The DeepSynBa model outperforms the state-of-the-art methods in the dose-response matrix prediction task across multiple evaluation scenarios, including testing on novel drug combinations, cell lines, and drugs, across nine different tissue types. The model yields reliable synergy score predictions and can predict drug combination responses across different dosages for untested combinations. The intermediate dose-response parameter layer allows for separating efficacy from potency, which informs the selection of dosage ranges that optimise efficacy while limiting off-target toxicity in experimental screens. The predictive capability and the downstream actionability make DeepSynBa a powerful tool for advancing drug combination research beyond the limitations of the current approaches. Table 1 shows the performance comparison of DeepSynBa with the state-of-the-art methods on the NCI-ALMANAC dataset. The results demonstrate that DeepSynBa outperforms the existing methods in predicting the dose-response matrix and synergy scores across multiple evaluation scenarios. The model achieves superior performance in terms of the root mean squared error (RMSE), Pearson and Spearman correlation coefficients for the dose-response matrix prediction task and the synergy score prediction task. The results indicate that DeepSynBa can accurately predict the effects of drug combinations on cell lines and provide actionable insights for drug combination research.

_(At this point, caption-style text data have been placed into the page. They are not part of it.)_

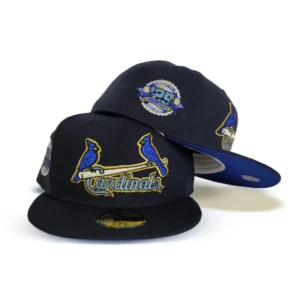 New Era St. Louis Cardinals fitted hat navy, blue, royal, cardinal colorway - Cardinals 125th Anniversary Fitted: New Era Celebrates Franchise Milestone with Navy Blue Tribute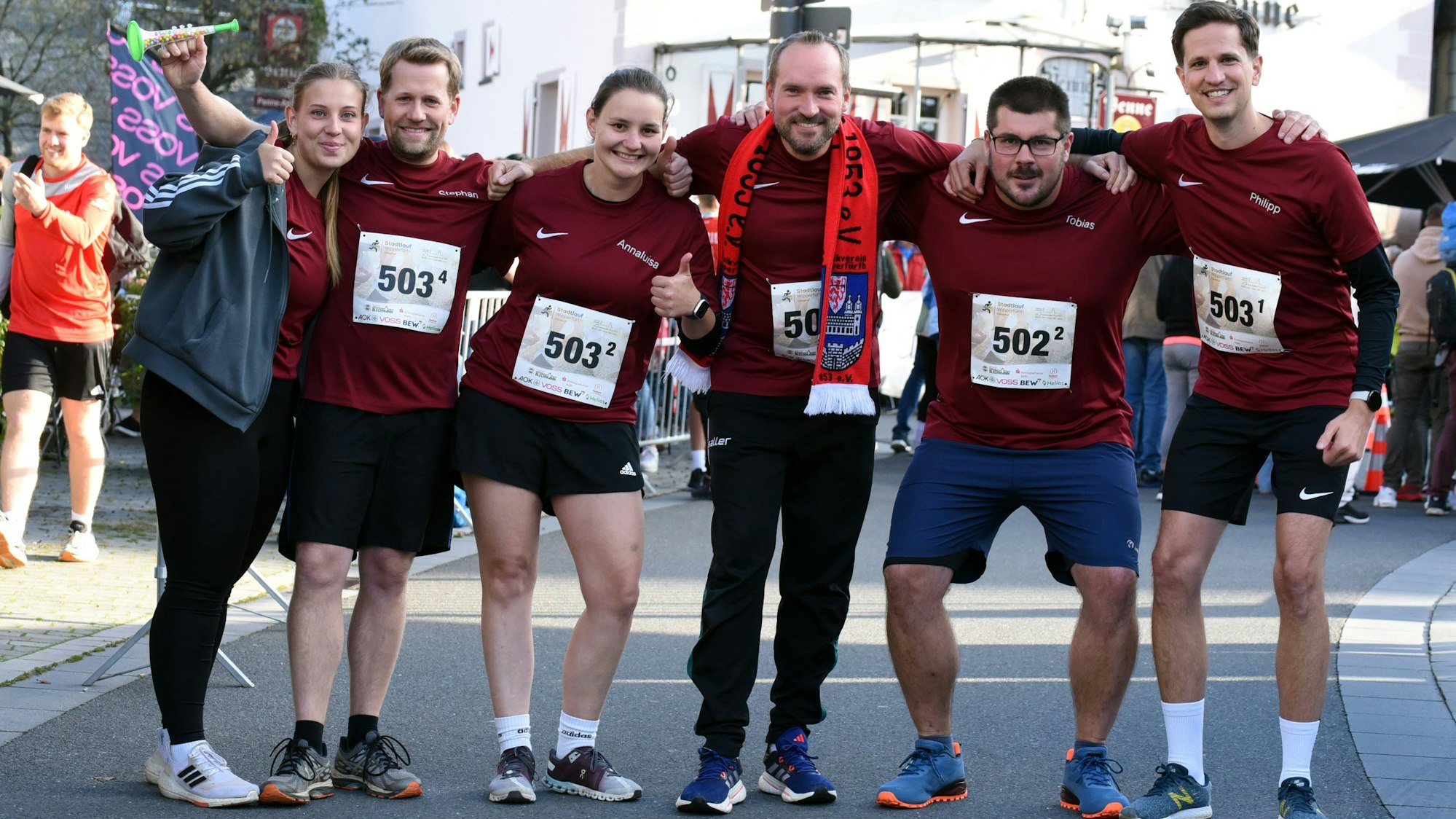 Bild von zwei Läuferstaffeln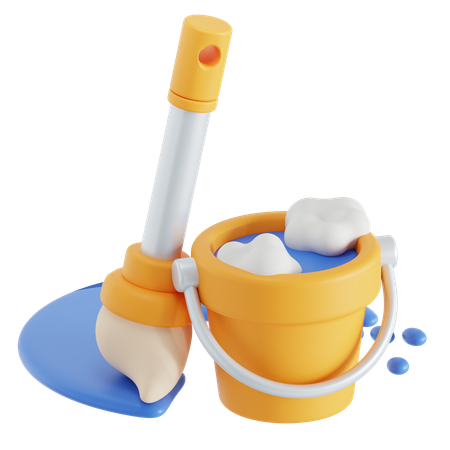 Mop tools  3D Icon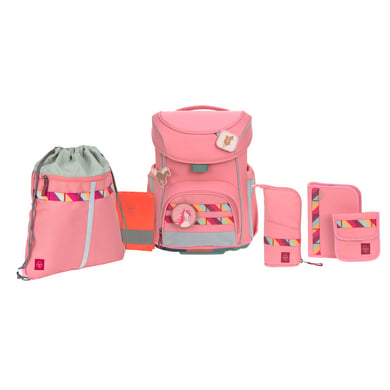 LÄSSIG Schulranzen-Set 6-tlg. Slim Unique pink von LÄSSIG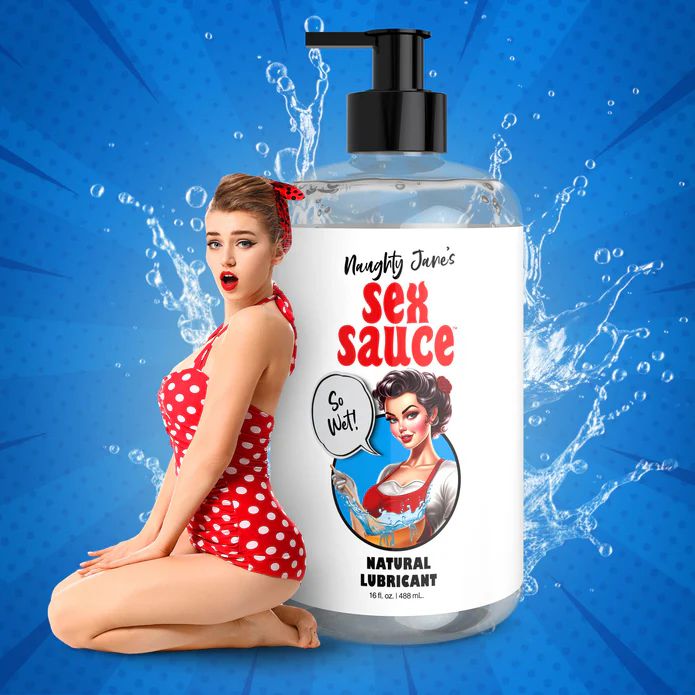 Naughty Jane's Sex Sauce Natural Water Based Lubricant 16oz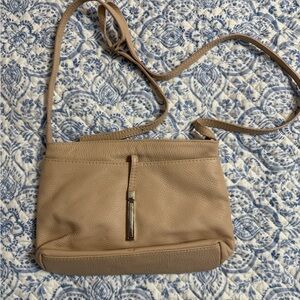 Borse in Pelle Light Pink Made in Italy Leather Purse with Gold Accent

Table 1: Performance comparison of DeepSynBa with the state-of-the-art methods on the NCI-ALMANAC dataset

New Drug CombinationNew Cell LineNew Drug
RMSE Pearson Spearman
comboFM 12.76 0.87 0.68
comboLTR 16.11 0.78 0.64
DeepSynBa 7.72 0.95 0.82
RMSE Pearson Spearman
comboFM 12.86 0.87 0.69
comboLTR 15.23 0.81 0.67
DeepSynBa 7.71 0.95 0.82
RMSE Pearson Spearman
comboFM 42.39 0.35 0.24
comboLTR 40.22 0.40 0.40
DeepSynBa 18.69 0.71 0.64

References

  • [Ross et al., 2022] Ross, Jerret, et al. "Large-scale chemical language representations capture molecular structure and properties." Nature Machine Intelligence 4.12 (2022): 1256-1264.
  • [Zhang et al., 2023] Zhang, Haoting, et al. "SynBa: improved estimation of drug combination synergies with uncertainty quantification." Bioinformatics 39.Supplement_1 (2023): i121-i130.